Simon Willison’s Weblog: OpenAI o3-mini, now available in LLM

Source URL: https://simonwillison.net/2025/Jan/31/o3-mini/#atom-everything
Source: Simon Willison’s Weblog
Title: OpenAI o3-mini, now available in LLM

Feedly Summary: o3-mini is out today. As with other o-series models it’s a slightly difficult one to evaluate – we now need to decide if a prompt is best run using GPT-4o, o1, o3-mini or (if we have access) o1 Pro.
Confusing matters further, the benchmarks in the o3-mini system card (PDF) aren’t a universal win for o3-mini across all categories. It generally benchmarks higher than GPT-4o and o1 but not across everything.
The biggest win for o3-mini is on the Codeforces ELO competitive programming benchmark, which I think is described by this 2nd January 2025 paper, with the following scores:

o3-mini (high) 2130
o3-mini (medium) 2036
o1 1891
o3-mini (low) 1831
o1-mini 1650
o1-preview 1258
GPT-4o 900

Weirdly, that GPT-4o score was in an older copy of the System Card PDF which has been replaced by an updated document that doesn’t mention Codeforces ELO scores at all.
One note from the System Card that stood out for me concerning intended applications of o3-mini for OpenAI themselves:

We also plan to allow users to use o3-mini to search the internet and summarize the results in ChatGPT. We expect o3-mini to be a useful and safe model for doing this, especially given its performance on the jailbreak and instruction hierarchy evals detailed in Section 4 below.
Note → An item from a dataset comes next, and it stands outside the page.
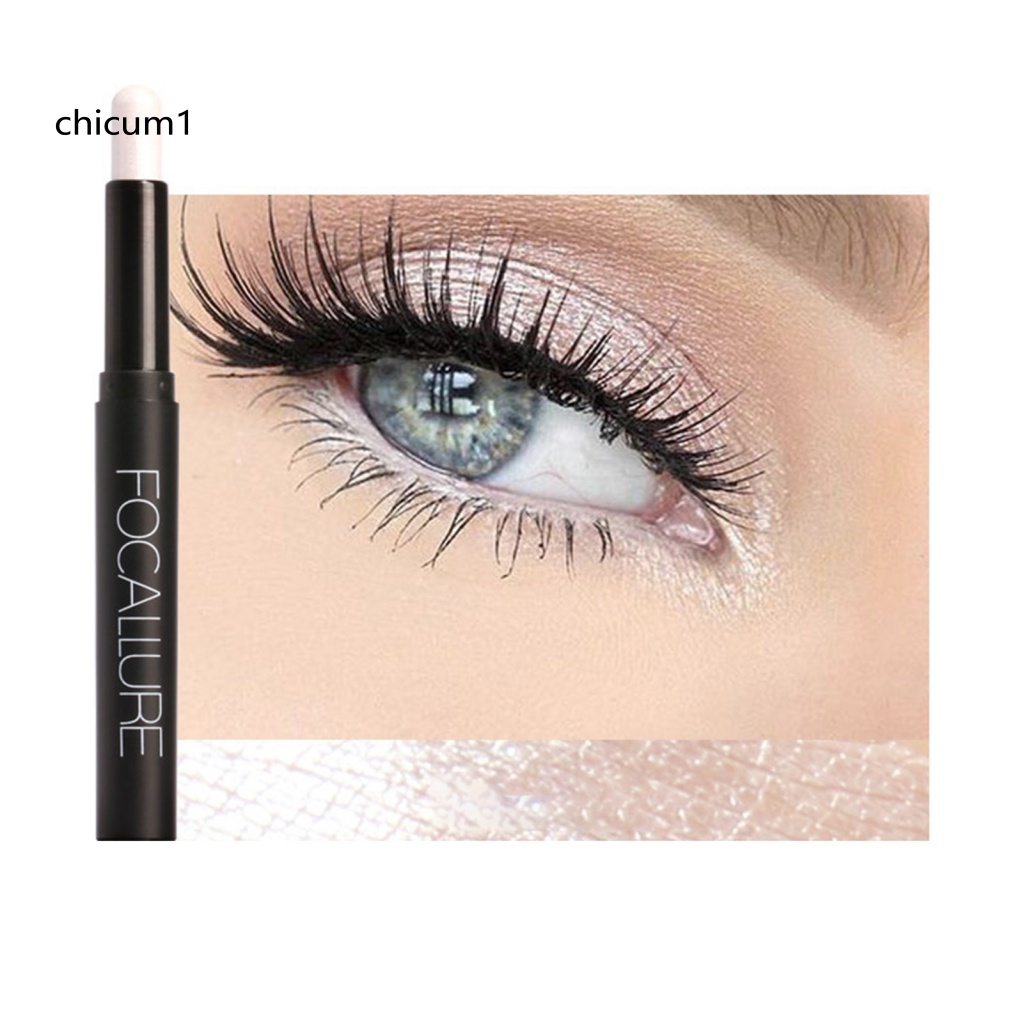 Bút Kẻ Mắt Bắt Sáng Chống Nhòe Dễ Lên Màu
This is notable because the existing o1 models on ChatGPT have not yet had access to their web search tool – despite the mixture of search and “reasoning" models having very clear benefits.
I released LLM 0.21 with support for the new model, plus its -o reasoning_effort heigh (or medium or low) option for tweaking the reasoning effort – details in this issue.
o3-mini is priced at $1.10/million input tokens, $4.40/million output tokens – less than half the price of GPT-4o (currently $2.50/$10) and massively cheaper than o1 ($15/60).
I tried using it to summarize this conversation about o3-mini on Hacker News, using my hn-summary.sh script. Here’s the result – it used 18,936 input tokens and 2,905 output tokens for a total cost of 3.3612 cents.
Tags: projects, ai, openai, generative-ai, llm, inference-scaling, o3

AI Summary and Description: Yes

Summary: The release of the o3-mini model by OpenAI introduces a new player in the landscape of generative AI, showcasing its benchmarks against other models and its intended applications, including internet searches and summarization. This model is designed to be economically viable while providing competitive performance metrics.

Detailed Description:

The release of o3-mini by OpenAI represents an important development in the field of generative AI. This model offers a compelling option for users by balancing affordability and performance in comparison to its predecessors and counterparts. Here are the key points about o3-mini:

– **Benchmark Performance**:
– o3-mini generally outperforms GPT-4o and o1 in many benchmarks but is not universally superior in all categories.
– Particularly notable is its performance on the Codeforces ELO competitive programming benchmark, where it achieved:
– o3-mini (high): 2130
– o3-mini (medium): 2036
– o1: 1891
– o3-mini (low): 1831
– o1-mini: 1650
– o1-preview: 1258
– GPT-4o: 900
– The performance metrics indicate its strength in areas relevant to programming and reasoning tasks.

– **Intended Use Cases**:
– OpenAI plans to integrate o3-mini’s capabilities into search functionalities, enabling internet searches and result summarization directly in ChatGPT. This would allow for more dynamic, real-time information processing.
– The model aims to be safe and effective, particularly concerning its evaluations in jailbreak scenarios, suggesting its potential stability and security in real-world applications.

– **Pricing Structure**:
– Competitive pricing of o3-mini is a strategic advantage, offering:
– $1.10 per million input tokens
– $4.40 per million output tokens
– This pricing is significantly lower than both GPT-4o ($2.50/$10) and o1 ($15/$60), making it accessible for broader usage scenarios.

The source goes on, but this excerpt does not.